I volunteered to triage issues submitted to the Scala bugtracking system this month, so that has been taking a little bit of my time. Mostly this just involves checking that what was submit is truly a bug and reproducible, before assigning it to the relevant person.

I am also responsible for the interpreter and the ScalaDoc, so I have also spent the time fixing a few bugs that have shown up in the interpreter. The big one of the past week is that for 2.6.2 the plan is to finally interoperate with Java generics. As a consequence, the compiler now defaults to generating class files in the format used in version 1.5 of the JVM and above. However, this broke the nightly tests run against the 1.4 JVM. The interpreter would compile and run fine until it tried to load one of the class files itself had compiled, which had an incompatible version number. So I added a check that if the interpreter is running on a pre-1.5 JVM, to force it to generate compatible class files.

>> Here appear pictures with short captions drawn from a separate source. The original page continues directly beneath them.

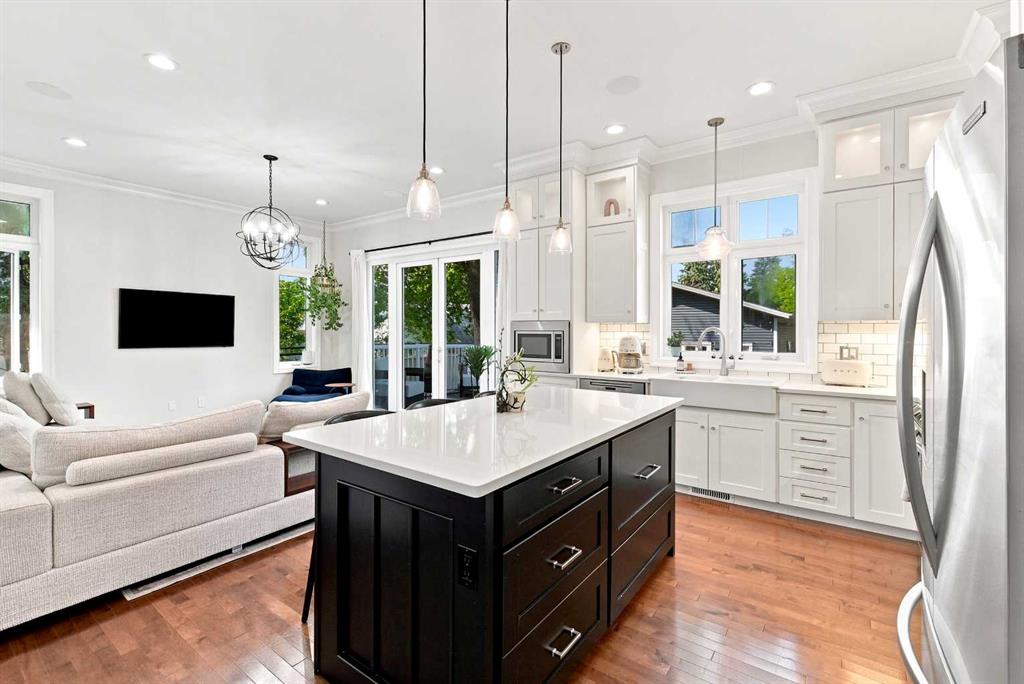 Picture of 5808 43 Avenue , Red Deer Real Estate Listing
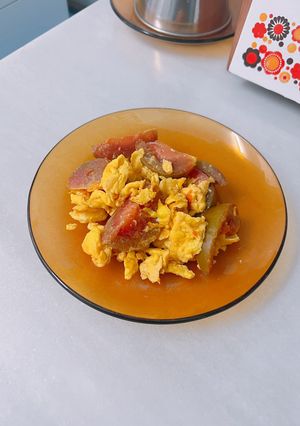 Una foto de Revuelto de tomates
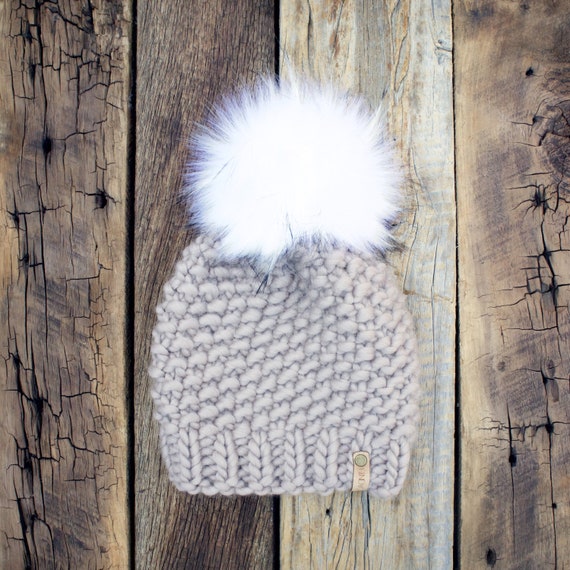 Pom Pom Beanie Slouchy // Luxury Wool Pom Pom Beanie  display picture 1
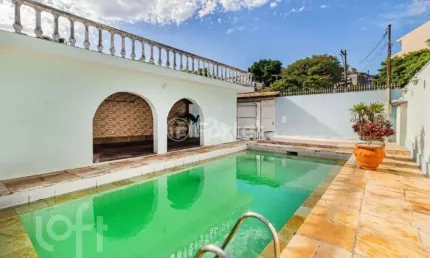 Casa com 4 quartos à venda na Rua Miracema, 134, Chácara das Pedras, Porto Alegre, 280 m2 por R$ 900.000
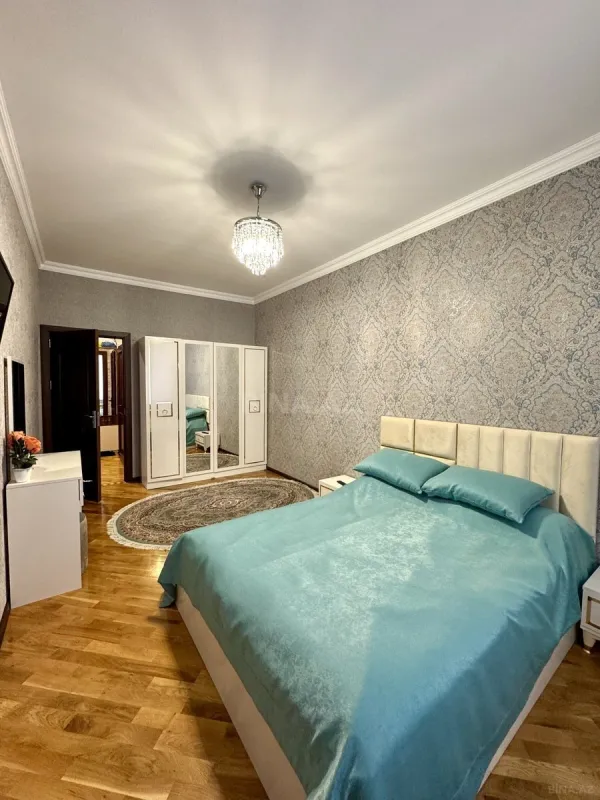 Satılır 2 otaqlı mənzil 76 m²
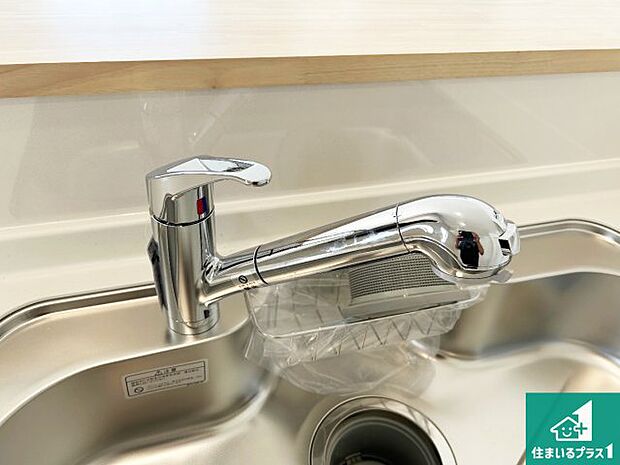 【キッチン水栓】浄水器を内蔵!炊飯時、お茶を作る時に安心してお水を使えます!お湯と冷水、浄水と原水、シャワーの切替えもワンタッチです!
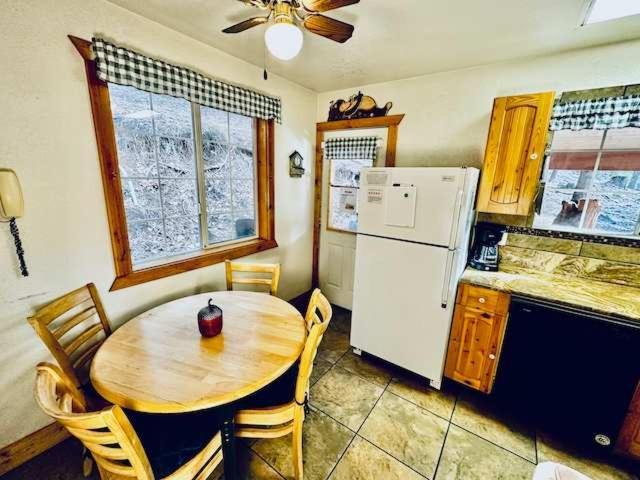 Апартаменты Cozy Bear South-Inside Yosemite-Sleeps 5 Йосемити-Уэст Экстерьер фото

An undergrad e-mailed me to ask about working on the Literate Scala semester project that I had posted. I met with him briefly last week for mostly administrative purposes. That should be interesting.

I should be moving forward on the implementation of virtual classes, but I have been avoiding it because I am not yet sure how to best modify the AST to represent them. I will hopefully have chance to discuss it with Martin this week.

I have also been spending time thinking about the next major project, an effect system for Scala. I have been thinking hard about how to add one while still maintaining reasonable backward compatibility and so that it is not exceedingly verbose. It is a very difficult problem. Furthermore, one of the most widely used effect systems that exists in programming languages, Java's throws clauses, is generally reviled by programmers. One thought I had was that maybe a whiz-bang effect system with effect polymorphism, a rich language of effects, and hooks for adding user defined effects is just overkill. Maybe programmers would be happy with being able to write an annotation like @pure on their methods and closures, and leave it at that. Enforcing purity would not be too difficult I think (ignoring the well known problem of the termination effect), and be much easier for programmers to reason about.

My wrists have also started acting up again, so I am not entirely sure how to deal with that, yet continue pushing my current research projects forward.  It has been suggested to me to look into voice recognition software, but I am not sure how compatible that would be with my current workflow.  Not to mention that I can only imagine how much it would annoy the people in the adjoining offices given that they have already expressed displeasure at all the beeping caused by emacs on my desktop computer.